Draco shook his head at the memory, and found himself smiling. There were eight of them all together: eight thin scars that looked like whip slashes across his chest. Although, truthfully, two of them were a little bit lower, riding down from his loins towards his crotch. He could only ever be grateful enough to Snape that there were no visible marks of scarring on his face. That is, if one didn't look very carefully below the right-hand curve of his jawbone, where a thin, silvery-white trail could be distinguished. The spell had nearly split his carotid, there.

Reaching for the towel, Draco slid out of the shower. Reluctantly, he wrapped the soft terry cloth around his waist and prepared to go and get some clean clothes from his wardrobe. Wardrobe, that happened to be in his bedroom. Bedroom, that was currently working as a temporary hospital for the precious Chosen One. Snarling to himself, Draco made his way across the spacious bathroom, quickly glancing at his own reflection from the mirror on the wall as he went. He still had a smudge of red gore below his left eye, and he wiped it away impatiently.

He found Longbottom just as he had left him: snoring loudly next to the bed, sprawled ungraciously all across the chair. If a flock of enraged Blast-Ended Skrewts would have entered the bedroom, Draco knew Lonbottom would have hardly reacted. How the idiotic half-squib had become an Auror was entirely beyond Draco's comprehension. Maybe Potter had bribed someone to let him in? Draco moved smoothly across the room and passed by the grand four-poster bed.

A lithe figure of a young man was lying underneath his expensive sheets. Under any other circumstances Draco might have found the situation enticing. Now, however, it was anything but. The young man was the infuriating Harry Potter, and the sheets were as dirty with blood as Draco himself had been only moments ago. Tentatively, drawn by some curious and unrecognizable force, Draco inched closer to the bed.

Potter's black, messy hair had spread like a spiky halo around his head on the pillow. It was unmistakably longer than what it had been in their youth.
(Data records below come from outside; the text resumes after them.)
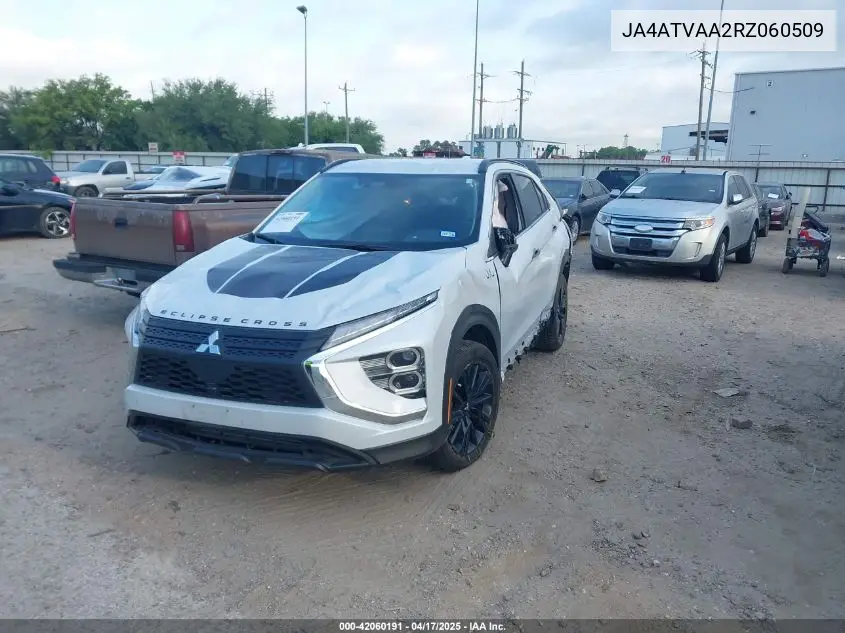 2024 Mitsubishi Eclipse Cross Black Edition S-Awc VIN: JA4ATVAA2RZ060509 Lot: 42060191
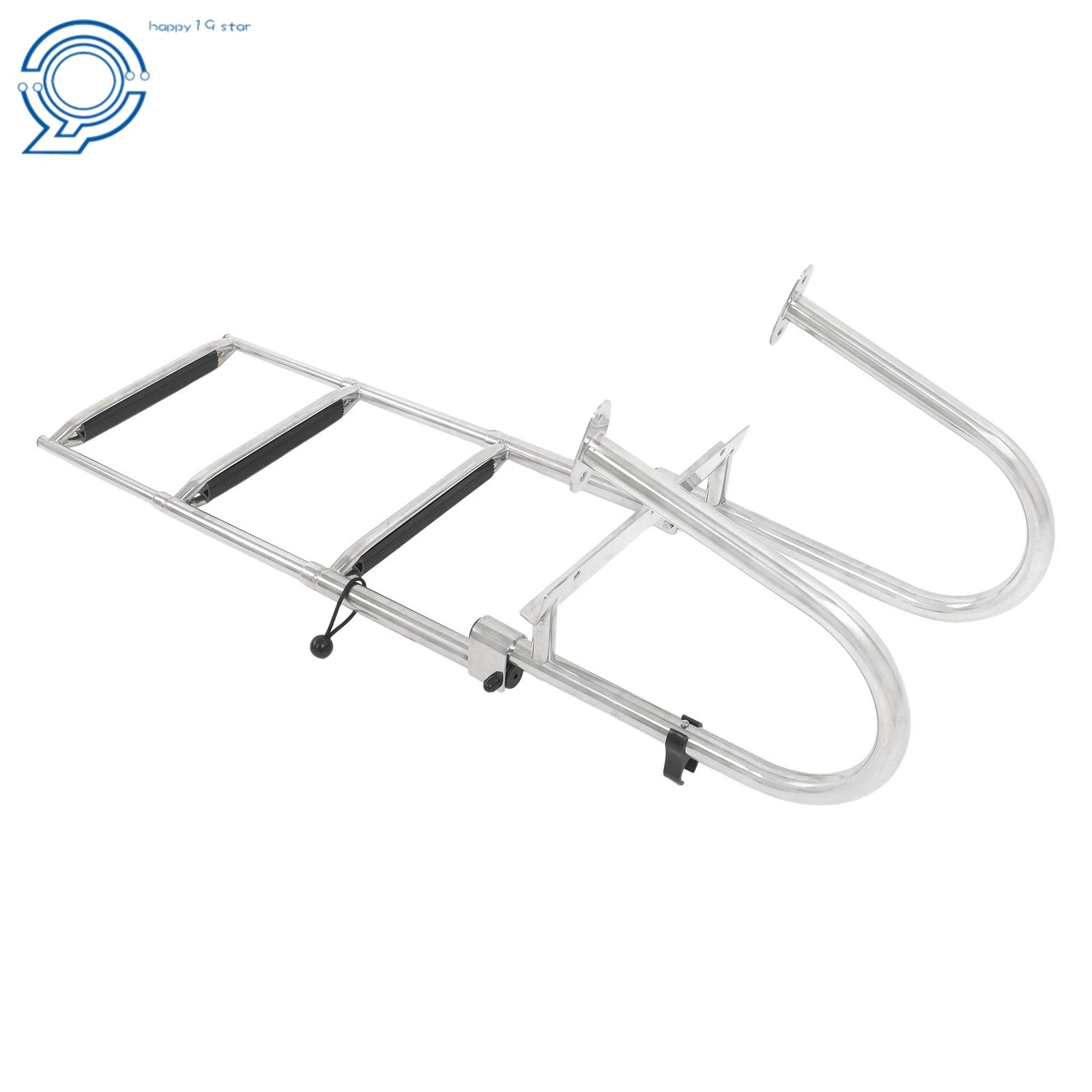 3 Step Stainless Steel Folding Ladder for Marine Pontoon Boat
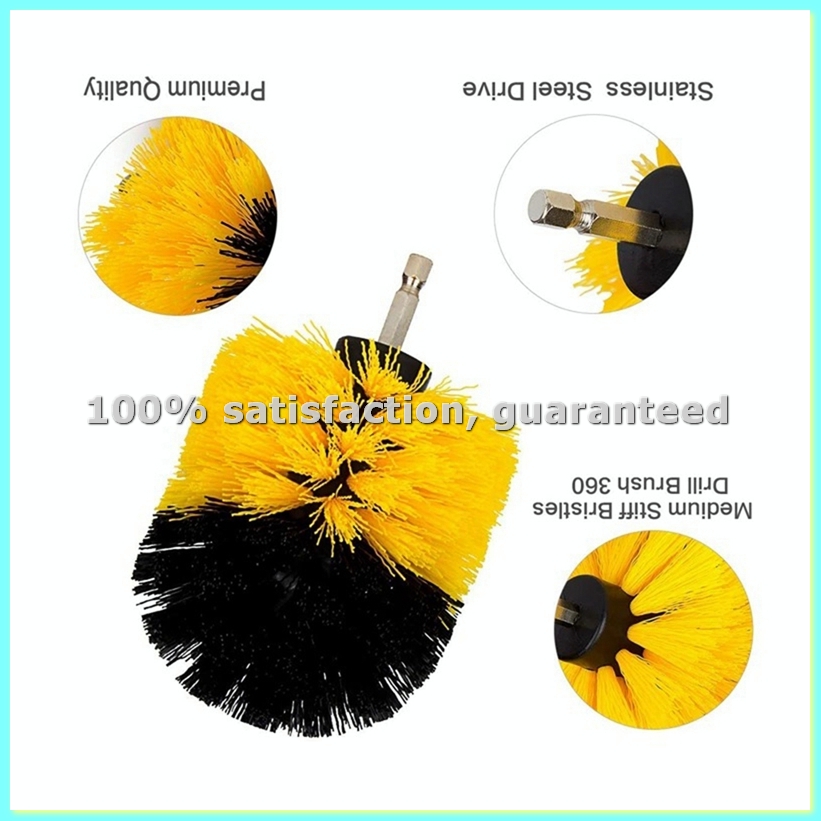 15pcs 전기 바닥 청소기 세트 원형 청소 브러시 ​ - Car Cleaning Brush 리뷰 및 가격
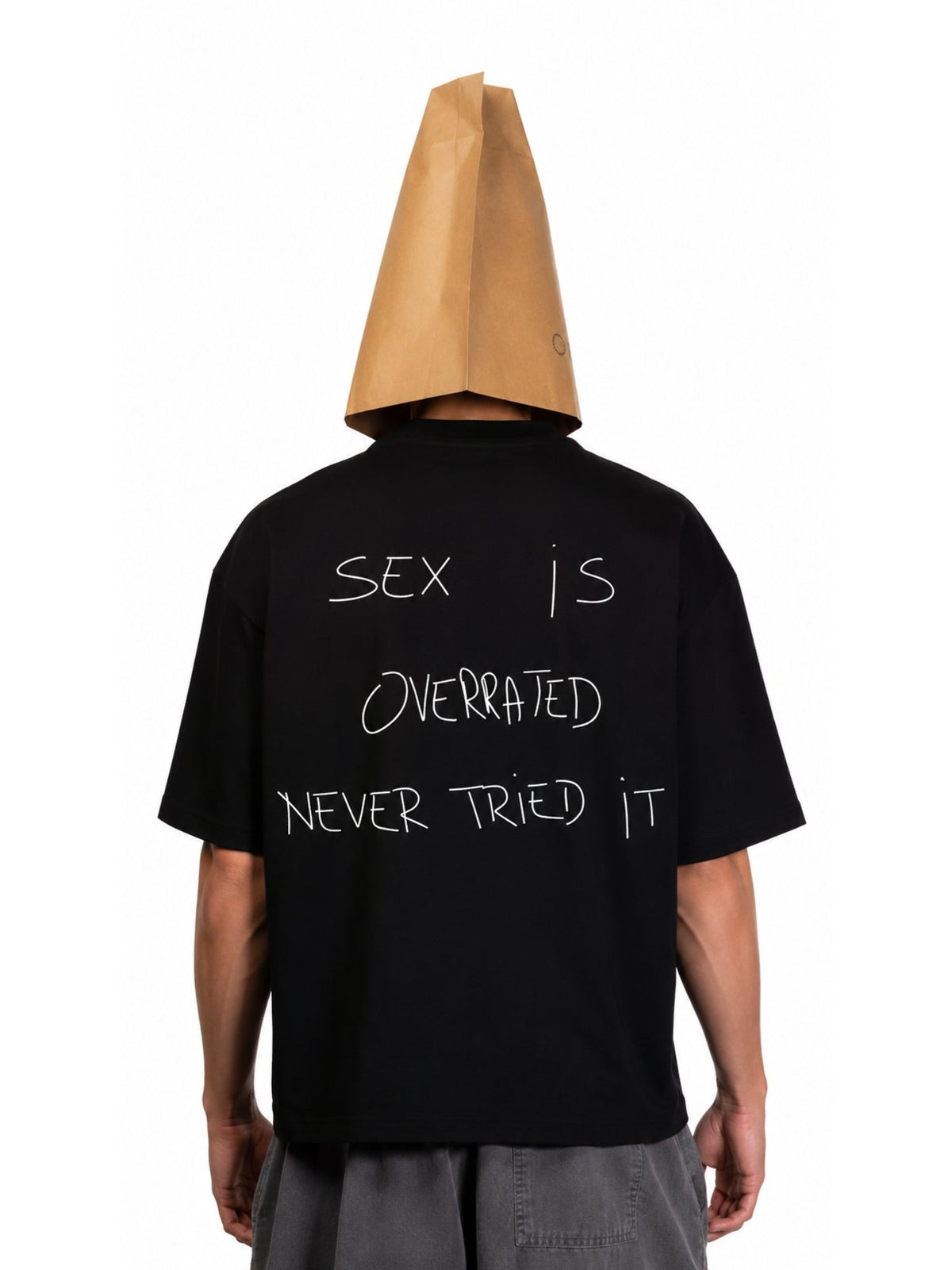 Pogostore.it Never Tried It Tee NEVER Nero/Bianco - T-shirt Grafica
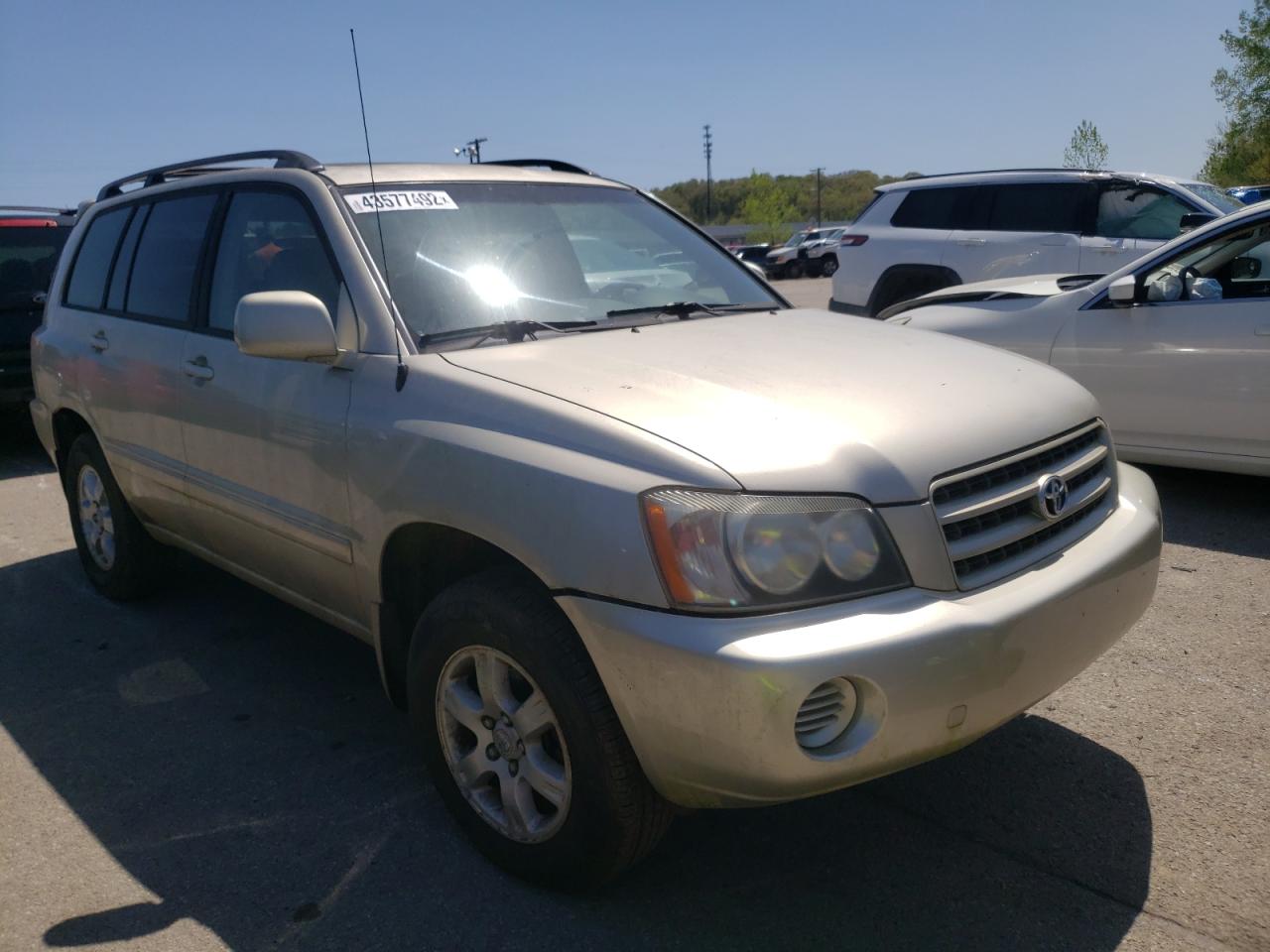 TOYOTA HIGHLANDER 2001 with VIN JTEHD21A810010573 - Photo from auction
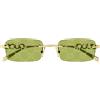 Gucci Occhiali da Sole GG1808S 002 Oro/Verde Uomo 52/20/145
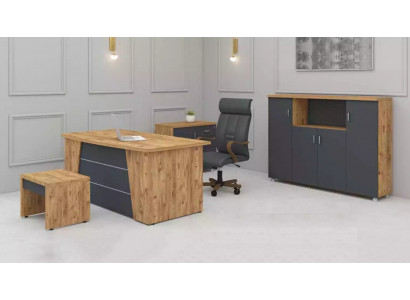 Modern complete set office furniture study furniture luxury 4-piece set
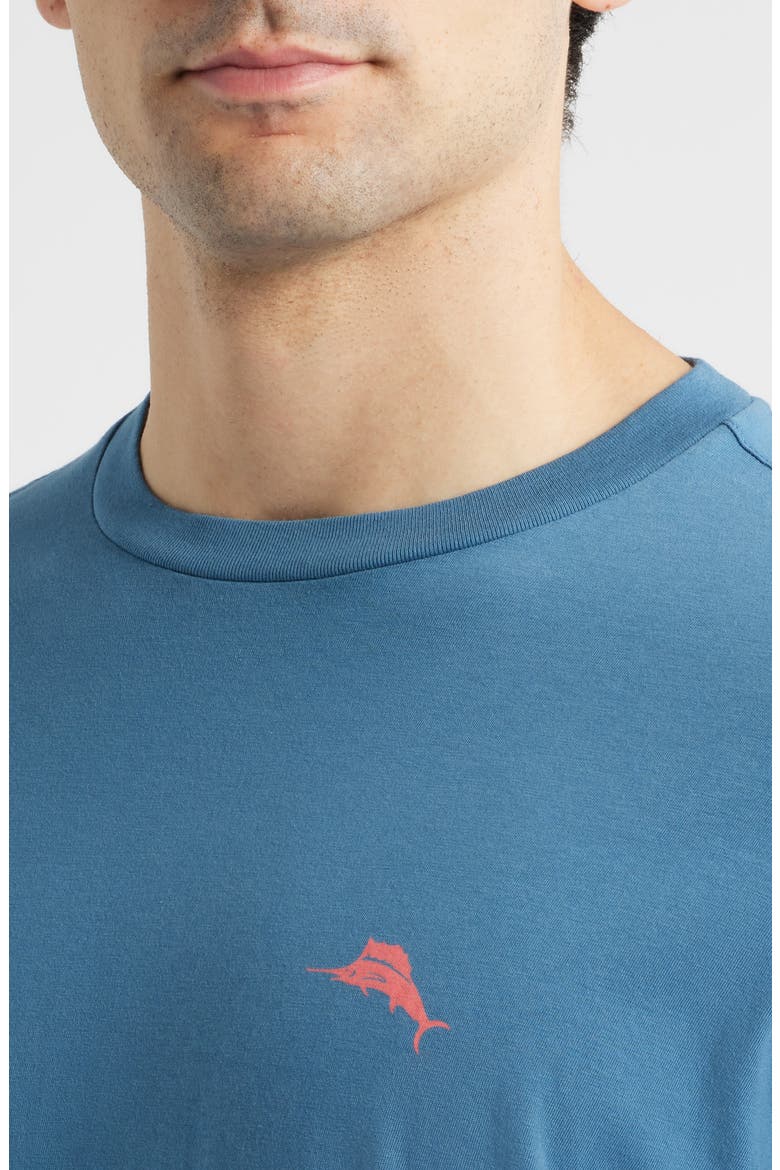 Surfing Sunsets Graphic T-Shirt, Alternate, color, STELLAR SAPPHIRE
Potter's pale skin, now slightly flushed with the fever, showed clearly that Mr. Hero of the Wizarding World had not spent his summer lying on the beach drinking daiquiris. If Potter had had a summer vacation at all, Draco did not know, but it certainly didn't seem very likely. The bluish-lilac half-circles beneath his eyes, as well as the worried frown that never seemed to leave his face, even in sleep, told another story completely. Draco decided Potter had a rather otherworldly look about him without his horrible, round glasses. Where said glasses were, Draco had not the remotest idea –but he was still rather satisfied they were missing.

Draco shook his head and sauntered off to his wardrobe. He found a pair of soft, black trousers and a fitted shirt and, making sure Longbottom was still snoring, dropped his towel unceremoniously onto the floor. Leisurely, he began to dress himself, marveling at the softness of the wall-to-wall Oriental carpet under his bare feet. He had been living in this house his entire life, yet such a small, nice detail had never come to his attention before. His instincts must have become heightened ever since the arrival of the Aurors. However, Draco instantly decided that Oriental carpets were the best invention ever –after all, they were even capable of flying, should the need arise.

Draco had just begun to button up his trousers, when a soft voice from the direction of the bed startled him out of his wits.

"What time is it?"

Draco swirled around, his damp hair sticking into his eyes with the movement. Potter was looking at him from the depths of his bed, green eyes serene and intense.

"Uhm." Draco replied lamely, and clutched the shirt close to his body. "Almost nine in the morning. I... I didn't know you were awake."

"And I didn't know you wore Muggle clothing," Potter blinked.

"Don't be stupid, Potter," Draco couldn't help the rosy colour creeping over his cheekbones. Potter had most evidently been watching him while he was getting dressed. "As if I would wear anything even remotely Muggle."

Potter tried to smile, but it seemed to cause him too much effort –and even more pain- and he settled on looking pointedly at his unfinished trouser buttons. "I can see that. Clearly."

Draco hastily buttoned the trousers up. Whether he wore underwear or not wasn't any of Harry Potter's business. "Shouldn't you be sleeping and not making idiotic comments?" he asked, trying to sound irritated despite the fact that his heart was racing.

"I'm thirsty. Besides..." Potter coughed, which made Draco grimace. "Besides this bed reeks something terrible. I want clean sheets."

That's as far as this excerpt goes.